2013-10-17 15:53:02

Mondiali, Bosnia ed Erzegovina. Mons. Sudar: bene, ma attenzione a facili entusiasmi


“Una notizia che difficilmente cambierà la complessa situazione del Paese”. Così mons. Pero Sudar, ausiliare e vicario generale dell’arcidiocesi di Sarajevo, commentando l’ottimismo riportato da molte testate giornalistiche per la prima qualificazione della Bosnia ed Erzegovina ai Mondiali di calcio che si svolgeranno del prossimo anno, in Brasile. Per mons. Sudar, nel Paese, dilaniato dalla guerra degli anni Novanta, e dove è in corso un articolato processo di integrazione tra serbi, bosniaci e croati, è necessaria l’attenzione della comunità internazionale e rinegoziare gli Accordi di Dayton, che misero fine alla guerra civile jugoslava. Massimiliano Menichetti ha intervistato lo stesso mons. Pero Sudar:RealAudioMP3

R. – E’ una cosa che sicuramente alla gente dà sollievo, però - nello stesso momento - molti sono coscienti che questa classificazione ai mondiali è un fatto che non inciderà troppo, purtroppo, su quella che è la nostra situazione sia economica, sia politica. E poi anche il calcio a volte ci divide, perché purtroppo la nostra nazionale non del tutto è una rappresentanza delle componenti della Bosnia ed Erzegovina.

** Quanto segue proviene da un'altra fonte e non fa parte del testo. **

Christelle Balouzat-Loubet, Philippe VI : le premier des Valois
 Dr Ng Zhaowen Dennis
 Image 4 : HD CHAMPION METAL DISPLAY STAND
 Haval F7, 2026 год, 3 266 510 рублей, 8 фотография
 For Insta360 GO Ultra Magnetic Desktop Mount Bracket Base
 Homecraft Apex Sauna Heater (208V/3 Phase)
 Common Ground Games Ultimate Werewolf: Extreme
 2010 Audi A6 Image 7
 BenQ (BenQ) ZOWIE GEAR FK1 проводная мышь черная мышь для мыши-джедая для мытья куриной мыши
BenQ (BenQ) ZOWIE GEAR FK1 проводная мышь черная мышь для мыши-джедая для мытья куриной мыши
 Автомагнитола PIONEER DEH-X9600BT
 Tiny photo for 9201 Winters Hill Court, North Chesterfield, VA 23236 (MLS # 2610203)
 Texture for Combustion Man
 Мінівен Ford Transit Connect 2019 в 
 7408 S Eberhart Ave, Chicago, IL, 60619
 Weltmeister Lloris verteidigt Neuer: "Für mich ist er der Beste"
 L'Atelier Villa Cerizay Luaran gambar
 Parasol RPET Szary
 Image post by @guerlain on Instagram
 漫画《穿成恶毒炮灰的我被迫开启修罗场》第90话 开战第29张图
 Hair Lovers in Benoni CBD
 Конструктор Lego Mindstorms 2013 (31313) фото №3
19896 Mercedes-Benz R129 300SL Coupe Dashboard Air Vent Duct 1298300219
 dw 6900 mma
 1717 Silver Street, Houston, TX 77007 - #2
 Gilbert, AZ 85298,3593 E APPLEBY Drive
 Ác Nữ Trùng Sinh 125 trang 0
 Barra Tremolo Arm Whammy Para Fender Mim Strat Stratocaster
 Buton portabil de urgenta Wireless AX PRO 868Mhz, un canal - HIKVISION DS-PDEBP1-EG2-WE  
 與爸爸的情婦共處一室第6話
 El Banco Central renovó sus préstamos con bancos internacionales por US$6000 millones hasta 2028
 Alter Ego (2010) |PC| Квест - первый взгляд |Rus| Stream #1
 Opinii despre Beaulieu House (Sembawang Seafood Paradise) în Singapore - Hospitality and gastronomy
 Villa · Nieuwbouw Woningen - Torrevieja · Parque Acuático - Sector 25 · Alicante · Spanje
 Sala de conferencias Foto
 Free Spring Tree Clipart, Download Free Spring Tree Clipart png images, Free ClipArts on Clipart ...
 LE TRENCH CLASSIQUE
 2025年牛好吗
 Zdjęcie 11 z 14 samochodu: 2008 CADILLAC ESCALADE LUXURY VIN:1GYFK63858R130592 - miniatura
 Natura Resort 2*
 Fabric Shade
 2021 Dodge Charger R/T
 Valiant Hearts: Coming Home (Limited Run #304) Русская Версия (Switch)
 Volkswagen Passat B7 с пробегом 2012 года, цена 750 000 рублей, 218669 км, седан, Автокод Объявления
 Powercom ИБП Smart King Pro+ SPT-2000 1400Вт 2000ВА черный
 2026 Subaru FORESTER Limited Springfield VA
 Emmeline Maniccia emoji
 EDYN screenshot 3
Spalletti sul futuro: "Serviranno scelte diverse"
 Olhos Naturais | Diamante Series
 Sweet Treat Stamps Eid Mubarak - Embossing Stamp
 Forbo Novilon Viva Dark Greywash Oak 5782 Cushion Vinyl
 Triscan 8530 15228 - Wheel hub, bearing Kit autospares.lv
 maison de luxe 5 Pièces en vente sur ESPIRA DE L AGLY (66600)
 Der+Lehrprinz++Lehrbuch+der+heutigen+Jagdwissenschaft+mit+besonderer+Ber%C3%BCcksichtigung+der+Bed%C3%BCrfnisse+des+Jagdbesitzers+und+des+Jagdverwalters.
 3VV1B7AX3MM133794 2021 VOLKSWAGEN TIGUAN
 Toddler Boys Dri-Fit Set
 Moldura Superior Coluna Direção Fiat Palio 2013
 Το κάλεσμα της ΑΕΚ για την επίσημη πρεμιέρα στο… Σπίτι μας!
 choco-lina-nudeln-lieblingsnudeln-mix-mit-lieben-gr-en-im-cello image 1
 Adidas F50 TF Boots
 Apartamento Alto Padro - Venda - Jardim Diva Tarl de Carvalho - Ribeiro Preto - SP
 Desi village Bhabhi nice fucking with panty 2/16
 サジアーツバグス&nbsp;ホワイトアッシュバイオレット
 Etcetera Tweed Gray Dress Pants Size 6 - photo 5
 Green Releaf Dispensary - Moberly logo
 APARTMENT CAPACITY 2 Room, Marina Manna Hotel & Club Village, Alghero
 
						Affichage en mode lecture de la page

D. – Chi non è rappresentato?

R. – Mi riferisco a due popoli costituitivi, cioè a quello croato e quello serbo. Purtroppo é cosi! Sicuramente lo sport, i mondiali sono un’occasione per festeggiare e vedere qualcosa di positivo, però, questa qualificazione non è stata festeggiata in tutte le parti della Bosnia ed Erzegovina: molti dicono: “Calma!, perché non cambierà la situazione di questo Paese”.

D. – Un Paese dilaniato dai conflitti degli anni ’90. Qual è la situazione oggi?

R. - Quasi di rassegnazione, perché purtroppo la situazione politica non cambia in meglio. L’Accordo di Dayton è difficilmente realizzabile in questo Paese. Non c’è lavoro, non c’è avvicinamento a questo processo di integrazione nella Comunità Europea e la gente dispera. La gente vede come unica speranza l’andare via. Questa è la contraddizione presente nell’euforia innescata dalla qualificazione della nostra nazionale.

D. – Che cosa servirebbe?

R. – La volontà di dire che Dayton è una realtà che impedisce la vera pace, la collaborazione tra i popoli. Bisogna rivedere quest’accordo e creare uno Stato che possa funzionare e dare speranza a tutti. Ogni volta, quando si parla di Dayton, c’è però qualcuno che dice: “Dayton non si tocca!”. Ma mentre si continua a non toccare Dayton, la Bosnia ed Erzegovina non ha la possibilità di uscire da questo circolo vizioso.

D. – I cattolici sono diminuiti del 50% rispetto alla guerra…

R. – Purtroppo sì. E poi non è solo questo il fatto negativo. Quello che è ancor più negativo è che coloro che sono rimasti non hanno speranza. Sono rimasti maggiormente gli anziani, mentre i giovani cercano di andar via in tutti i modi.

D. – Voi siete impegnati nel dialogo cristiano-musulmano. C’è chi dice, però, che cresce il fondamentalismo. E’ così?

R. – Qui cresce l’estremismo dei poveri, prima di tutto, di quelli che sono privi della speranza di vita. E quella è la cornice in cui crescono poi tutte le tensioni e tutti i fondamentalismi. Non sono d’accordo che qui ci sia un unico problema, che è quello del fondamentalismo islamico: non è vero.